Lee stood fifth after the short program. That was a moral victory because a costly mistake on an element in the short program a year ago had left her in 11th place, giving her a steep climb to her eventual fifth-place finish. This time, she pulled off a triple flip-triple toe loop jump combination and sailed through.
She was within reach of a medal. Suddenly, her expectations rose. “Then I was, ‘Shoot, I’ve never been in this position before,’” she said.
She handled the pressure beautifully, enjoying her performance instead of ticking off each technical element in her mind like a shopping list. She completed seven triple jumps without a single negative grade of execution from any of the nine judges; though she did a triple flip-double axel-double axel sequence instead of a triple-triple combination, she racked up 138.85 points, a personal best and three points better than Glenn’s free skate routine. Her final total score was 204.13 points.

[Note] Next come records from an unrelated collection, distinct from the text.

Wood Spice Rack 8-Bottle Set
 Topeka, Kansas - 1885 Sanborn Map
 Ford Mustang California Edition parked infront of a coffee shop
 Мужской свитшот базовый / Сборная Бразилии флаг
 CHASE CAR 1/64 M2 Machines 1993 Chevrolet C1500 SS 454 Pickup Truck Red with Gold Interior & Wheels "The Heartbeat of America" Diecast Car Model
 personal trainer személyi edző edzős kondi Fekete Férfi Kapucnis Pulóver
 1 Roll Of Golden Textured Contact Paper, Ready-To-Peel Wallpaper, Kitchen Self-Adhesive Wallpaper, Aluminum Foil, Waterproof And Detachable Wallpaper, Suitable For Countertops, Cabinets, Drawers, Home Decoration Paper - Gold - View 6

Her only misstep occurred when, overwhelmed by the occasion, she tried to exit the ice through the Zamboni door instead of the skaters’ door.
“You go through a program and you watch a girl like that and you just go, ‘OK girl, you can do this,’” Evidente said. “‘Just six more jumps. OK, you can continue doing this. You can stay up. Just keep going.’”
They were both happily shocked by her score, but four skaters remained. Lee and Evidente didn’t know if her total would hold up as No. 1 for the long program and they didn’t know where she’d finish.
Lee didn’t see the final skaters or track the standings. “My eyelashes fell off and I was reapplying those. They fell off when I was crying in the kiss-and-cry. So I didn’t really watch Amber’s entire skate,” Lee said.
“But my friends were texting me, like, ‘Oh my God, you’re going to place.’ I think I was getting interviewed in the mixed zone during Isabeau’s skate so I didn’t get to watch her. But I had no idea that I had won the free skate until afterward. Way after.”
Glenn and Levito are headed to the world championships, but Lee said she’s not disappointed to return to junior worlds. Her mother, attorney Caroline Tseng, is from Taiwan, so Lee welcomes the chance to visit. Since she didn’t expect to do well enough at the U.S. championships to be chosen for the junior world team, the chance to gain additional high-level international experience is a bonus. “I’m definitely really grateful for the opportunity,” she said.
She will face high expectations. Evidente, who began coaching her late in 2020, believes she’s better prepared than she was a year ago.
“I think with experience you just know so much more. And she knows how to handle herself so much more. So I think she will be able to thrive in that environment this year,” Evidente said. “The only expectation for me for her, as I told her [recently], is to stay loyal to her hard work. And to stay really present, because I think everything else comes from that.”